## Exercise
Among the lines below, output only those between the line holding "So if you've" and the line holding "This amounts to", inclusive, exactly as written and with no pictures.

Records supplied Start Marker

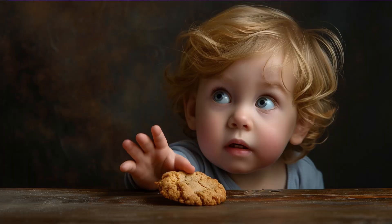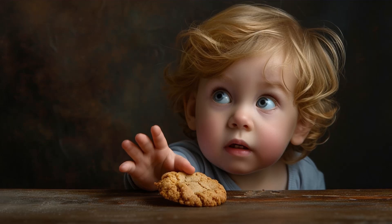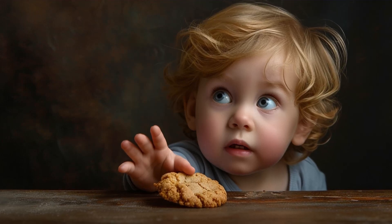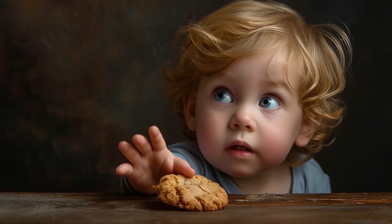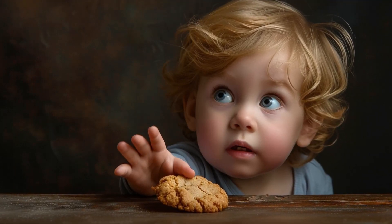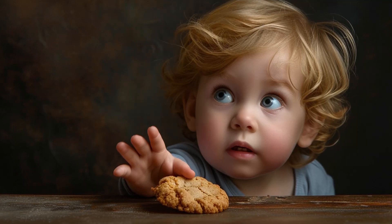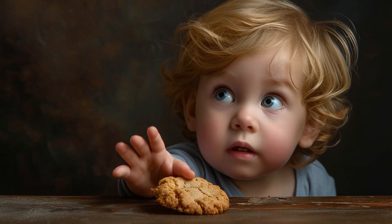I actually happen to have a toddler — she's three, she's beautiful. Imagine talking to that toddler and saying, out of the blue, 'you can't have a cookie.' The toddler wasn't talking about cookies, didn't see a jar of cookies anywhere. You just say, 'you cannot have a cookie.' Well, all the toddler heard was 'cookie,' and now all they can think about is cookies.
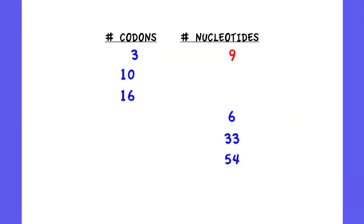So if you've got ten codons, thirty nucleotides. And likewise, sixteen codons, you multiply by three, that would give you a total of forty-eight nucleotides.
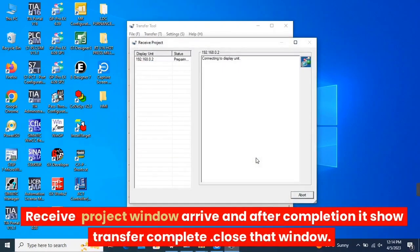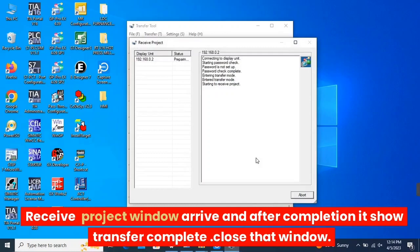The Receive Project window will arrive, and after completion it will show Transfer complete. Close that window.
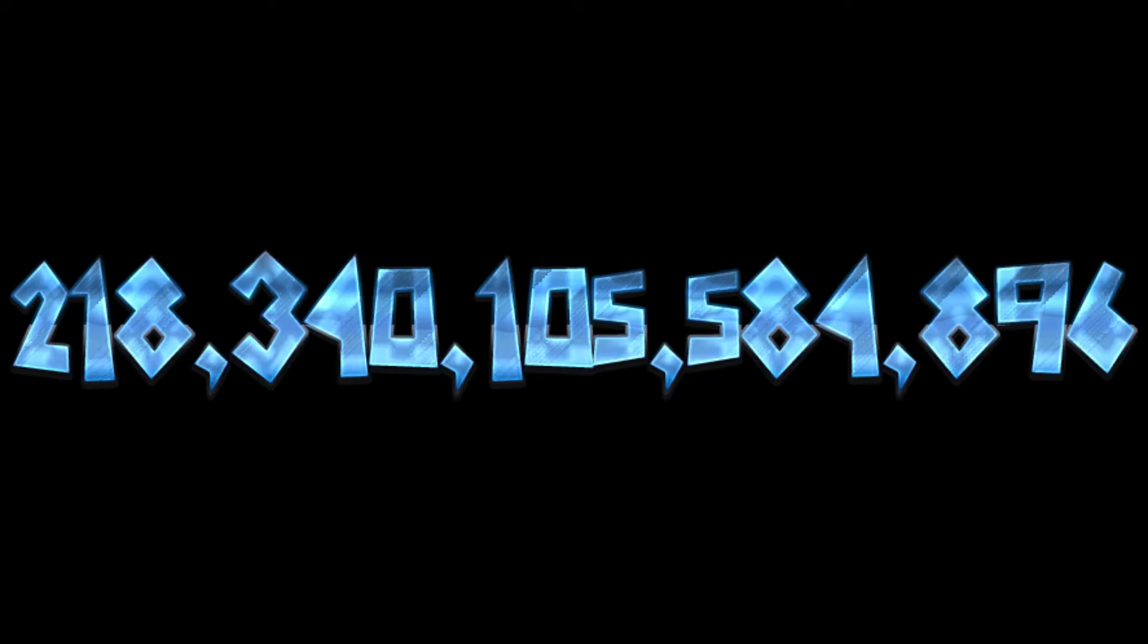This amounts to 218,340,105,584,896 different possible strings for short URLs.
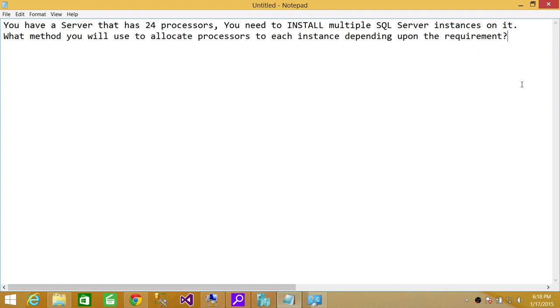It works more towards requests coming to SQL Server, the workload, the application workload coming to a particular instance. So my answer to this question would be: use CPU affinity of the operating system, which I'm going to show you.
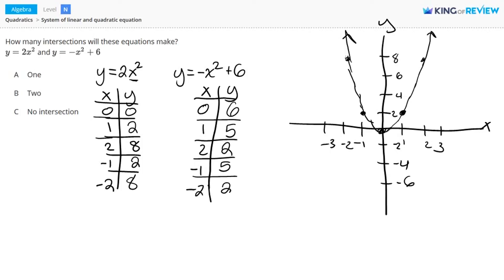So now I'm ready to plot these points on the same coordinate plane, and I'll plot them in red. I have a point at (0, 6), right here. I have a point at (1, 5), which is right here. A point at (2, 2), right here. I have a point at (-1, 5), right here. And I have a point at (-2, 2), which is right here. Now I'll use these data points to fill in this second parabola.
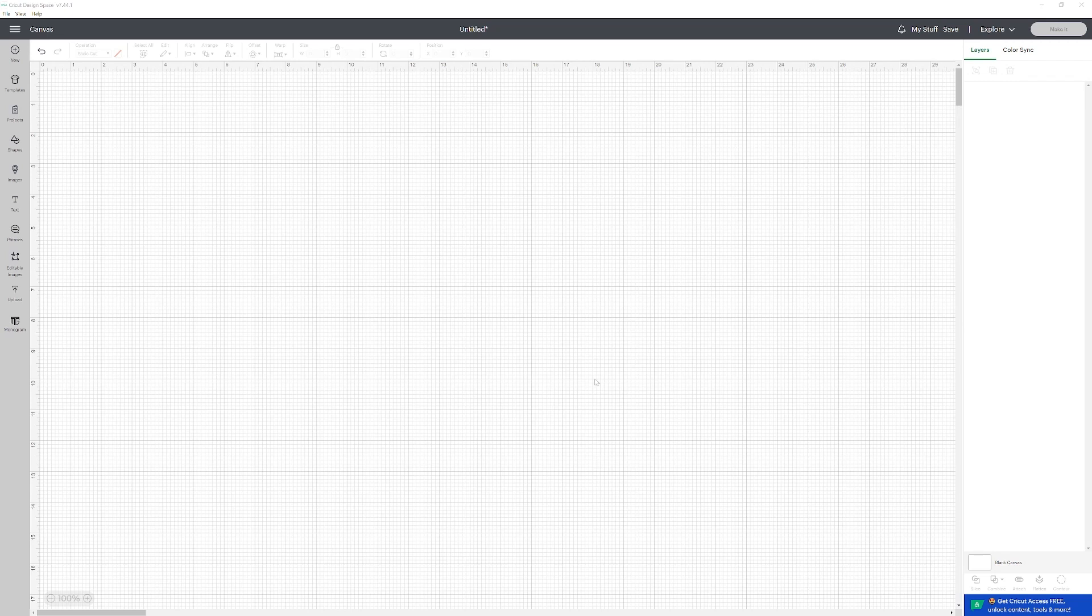Hello. In this video, I'm going to show you how to curve text in Cricut Design Space. The first step will be to click on the text box.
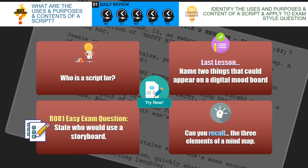A script contains the dialogue and acting information from a film. Name two things that could appear on a digital mood board — you could have images, video, or audio, because it's a digital mood board. State who would use a storyboard: it could be the film crew, the director, the actors, or the cameraman. And the three elements of a mind map are centre nodes, nodes, and sub-nodes, all connected up with branches.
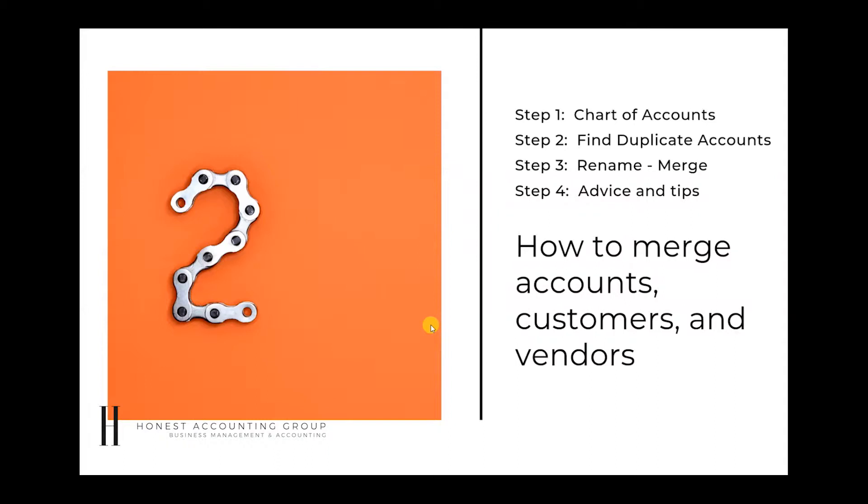Today we're going to discuss how to merge accounts for customers and vendors and the chart of accounts in specific. Step one, we're going to have to go to the chart of accounts, then find the duplicate accounts, rename them, merge them, and at the end we're going to talk about a couple tips.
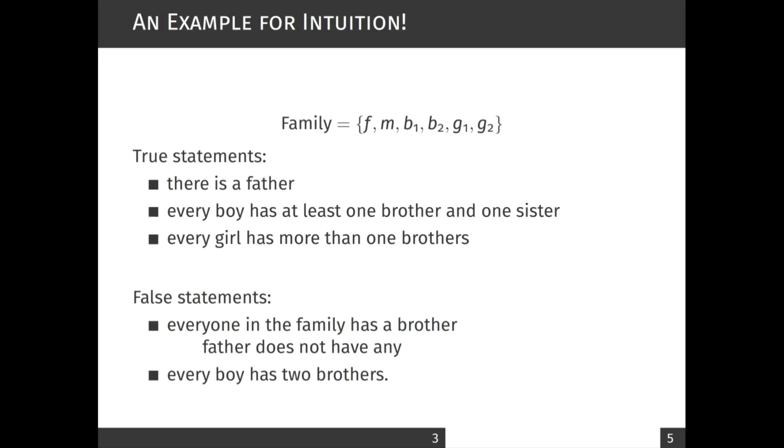Now your first task is to consider your family and check all of these statements for their correctness.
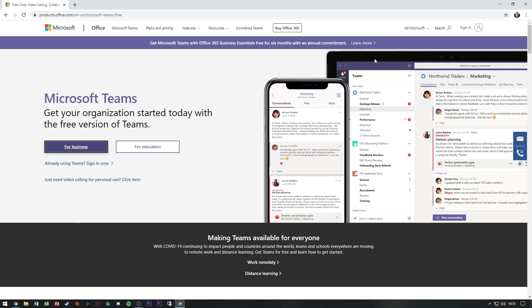We're going to try and set up Teams for free. I've seen a lot of articles about people doing this since COVID-19, so for myself, I would like to have Teams free for my domain.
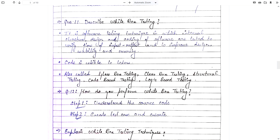Now the most important topic: white box testing. It is a software testing technique in which the internal structure, design, and coding of software are tested to verify the flow of input and output and to improve design, usability, and security. In white box testing, the code is visible to the testers. It is also called glass box testing, clear box testing, structural testing, code-based testing, or logic-based testing. We can check the code, the flow of the program, inputs and outputs, create test cases, improve design, and see the security features.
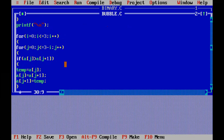So i equal to 0, i less than or equal to 3 — four times your loop will execute. In bubble sort, if you want to sort n number of elements, n minus 1 passes are required. The first for loop of i is required to keep track of the passes. With five elements, we require four passes for all elements to be sorted.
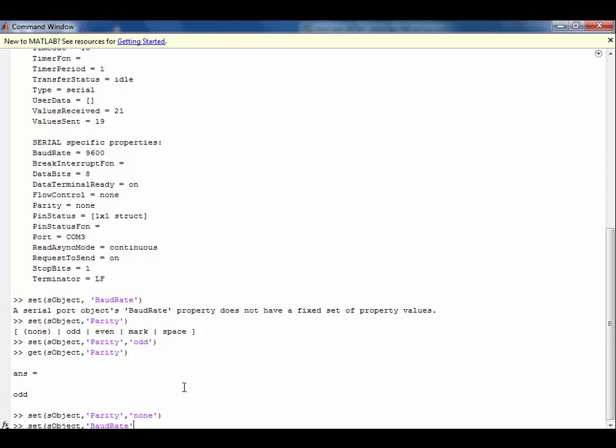Now we will update the baud rate value from 9600 to 115200.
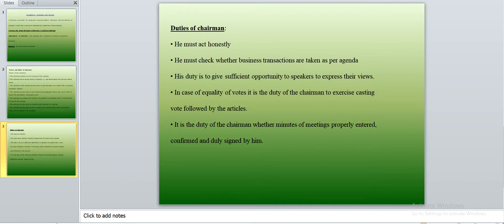In case of equality of votes, it is the duty of the chairman to exercise the casting vote as per the articles of association. He must follow the rules and regulations laid down in the articles. It is also his duty to ensure that the minutes of the meeting are properly entered, confirmed, and signed by him.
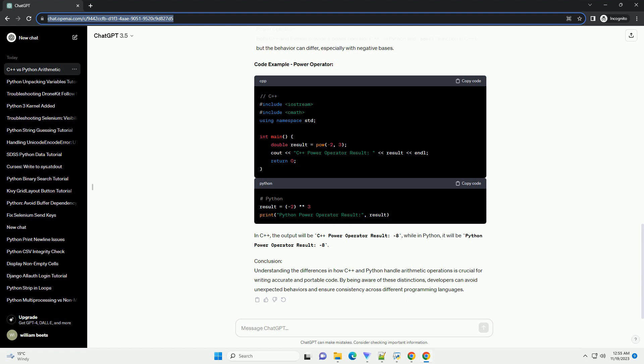Code Example - Modulo operator with negative numbers: In C++, the output will be C++ modulo result minus 1, while in Python, it will be Python modulo result 1.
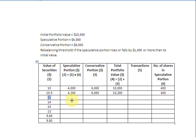Moving to the next row, the price is $11. With $11 as the value and 400 securities in the speculative portion, the value becomes 11 × 400 = $4,400. We have still not reached the trigger point. The conservative portion remains at $6,000, giving a total portfolio value of $10,400. The number of shares in the speculative portion remains 400.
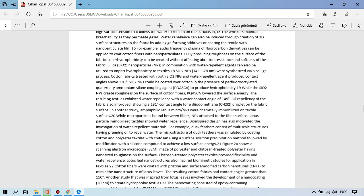Silica nanoparticles in combination with water repellent agents can also be utilized to impart hydrophobicity in the textile. Silica is synthesized via sol-gel process. Cotton fabrics treated with SiO2, MPS, and water repellent agent first produced contact angle just above 130 degrees. SiO2 will be coated over cotton in the presence of perfluoroalkylsilane, quaternary ammonium silane coupling agent to produce hydrophobicity. While the SiO2 MPS grid roughness on the surface of cotton fibers, the PFAS lowered the surface energy. The resulting textile exhibit water repellence with a water contact angle of 145 degrees.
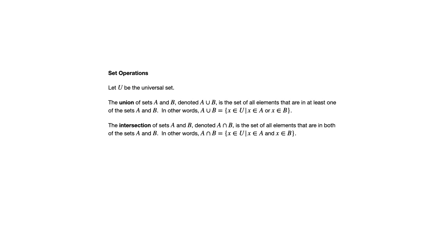The intersection is different. You're only looking for where those two sets overlap. So it's the set of elements that are in both A and B. The elements they have in common, in other words.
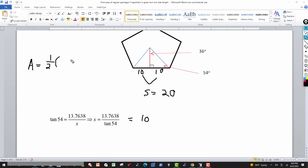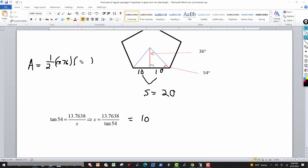Now we just plug into the formula. Area of the pentagon = one half times the apothem times the perimeter. The apothem is 13.76 (rounding slightly). Each side is 20 inches, so the perimeter is 5 times 20 = 100 inches. Area = (1/2) × 13.76 × 100 = 688 square inches.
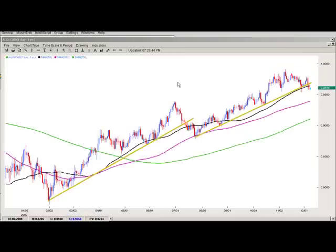Hi folks, this is Shawn Hyman from Chart of the Day. I want to talk about one of the crosses that I follow — it's Aussie CAD — and we could be looking at any pair here.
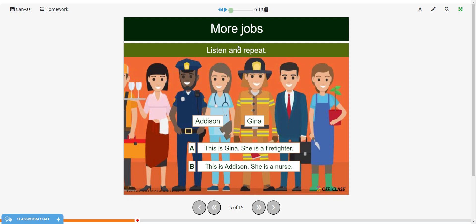Here are more jobs. We're going to listen and repeat. This is Gina. She is a firefighter. Practice repeating those: This is Gina. She is a firefighter. This is Addison. She is a nurse.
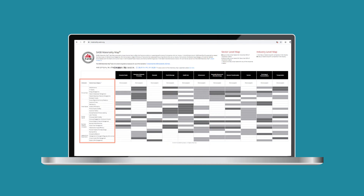In the left-hand column, SASB identifies 26 sustainability-related business issues. The other columns identify which of those issues are most likely to be material for 77 different industries and their associated accounting metrics that vary by industry.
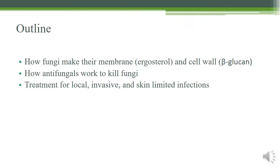Hello and welcome to our module about antifungals. Here is the outline. We're going to talk about how fungi make their cell membrane and cell wall, then talk about antifungals that target their cell membrane and cell wall. We're going to talk about specific treatments for local, invasive, and skin-limited infections.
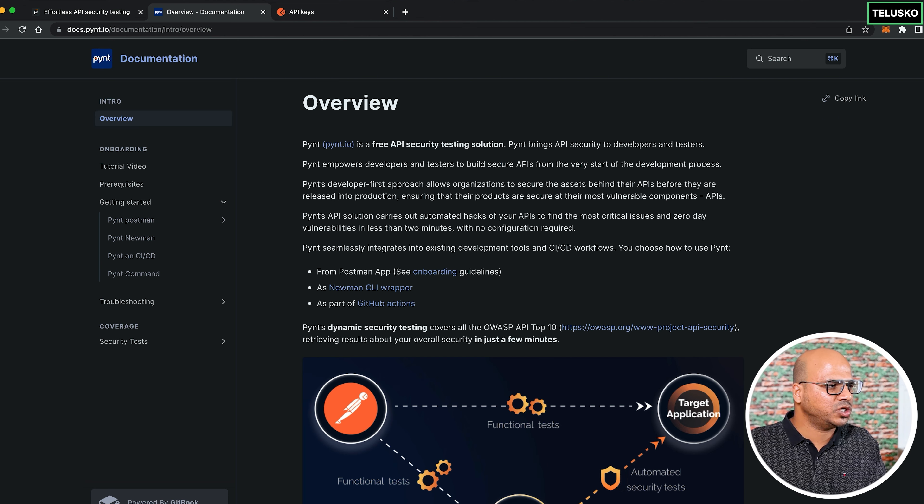Beyond the tool itself, Pynt has a Slack community to join, informative blogs to read, and badges you can earn to showcase your security skills on LinkedIn. The key takeaway: as a developer, security should be a priority from the start — not an afterthought. All links are in the description.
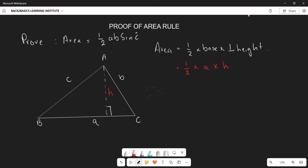Now, if we want to find angle C, we focus only on the smaller right-angled sub-triangle. In that triangle, sin C is given by the opposite side over the hypotenuse. The opposite side is h, and the hypotenuse is side b. So sin C = h divided by b.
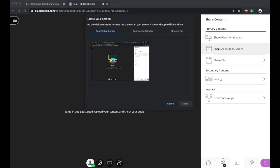So we click on this, and then it gives you the options of what you'd like to share. You can share your entire screen, which means they will see absolutely everything you see. Bear in mind if you do this that if you have any notifications or anything else popping up or you have any emails, the students will also be able to see these.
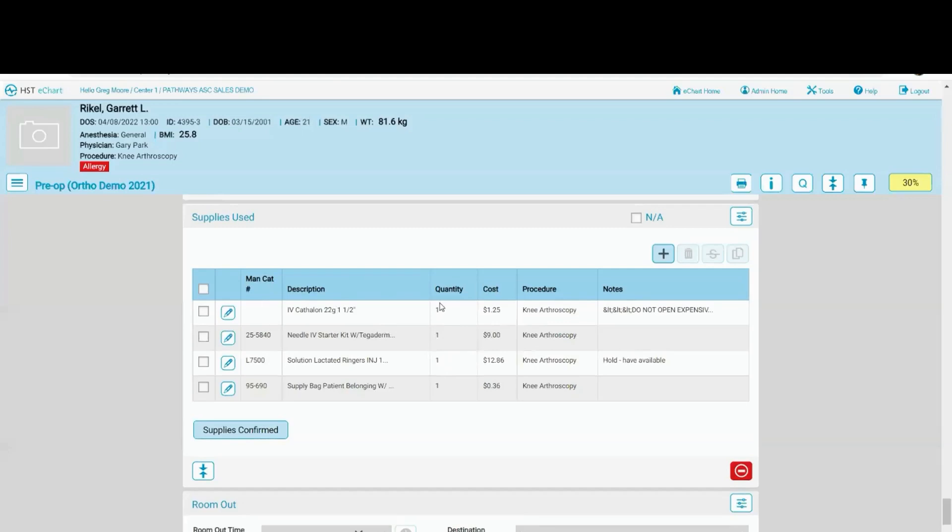This is pulling in from the preference card in practice management or pathway. When the preference card is set up, the area is attached to the particular item so that it flows into the chart.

Records supplied End Marker

## Result below
So if you've got ten codons, thirty nucleotides. And likewise, sixteen codons, you multiply by three, that would give you a total of forty-eight nucleotides.
The Receive Project window will arrive, and after completion it will show Transfer complete. Close that window.
This amounts to 218,340,105,584,896 different possible strings for short URLs.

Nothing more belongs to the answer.